Onze genen kiezen voor duurzaamheid
Deze weken vinden internationale afspraken over de toekomst van onze planeet hun bekroning met de aanvaarding in de Algemene Vergadering van de Verenigde Naties van de Sustainable Development Goals. De schier eindeloze onderhandelingen, de vage doelen die tegelijk te veel en te weinig beloven: we hebben het allemaal eerder gezien, ook al heeft de vorige consensus (Millennium Development Goals) geleid tot meer focus in de besteding van geld. Dat er vooruitgang is geboekt, bijvoorbeeld op het gebied van armoedebestrijding is echter vooral te danken aan de economische groei van het laatste decennium (ja, ondanks de crisis). Deze keer is de aandacht sterk gericht op het klimaat, waarover een akkoord op handen is in Parijs, begin december.
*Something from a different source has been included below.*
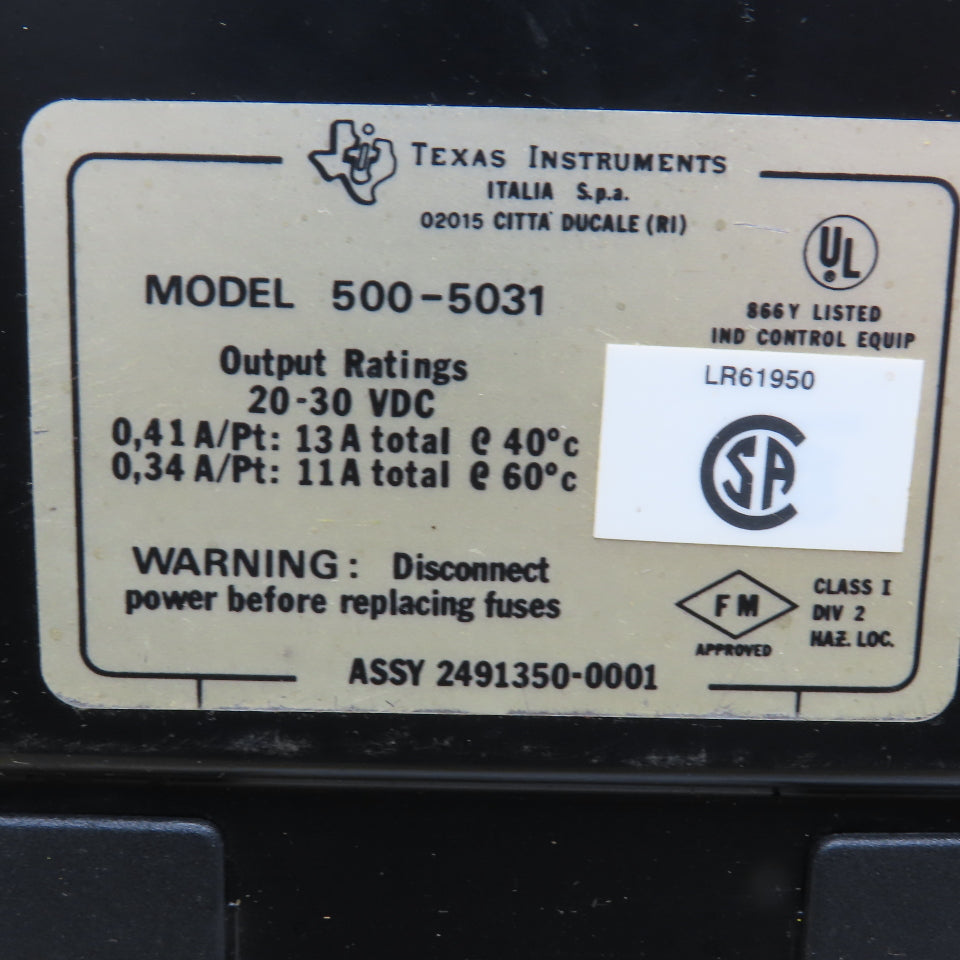 Texas Instruments 500-5031 32 Point Output Module 20-30 VDC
Dat dit soort processen moeizaam verlopen, ligt voor de hand. Duurzaamheid is niet alleen een kwestie van win-win situaties. Veranderingen zoals de overstap naar duurzame energie kosten geld en arme landen willen gecompenseerd worden voor de kosten die zij maken doordat het westen zo verspillend is geweest. Logisch ook dat een hardnekkige minderheid roept dat het allemaal niet zo’n vaart loopt, en dat de markt zijn werk wel zal doen.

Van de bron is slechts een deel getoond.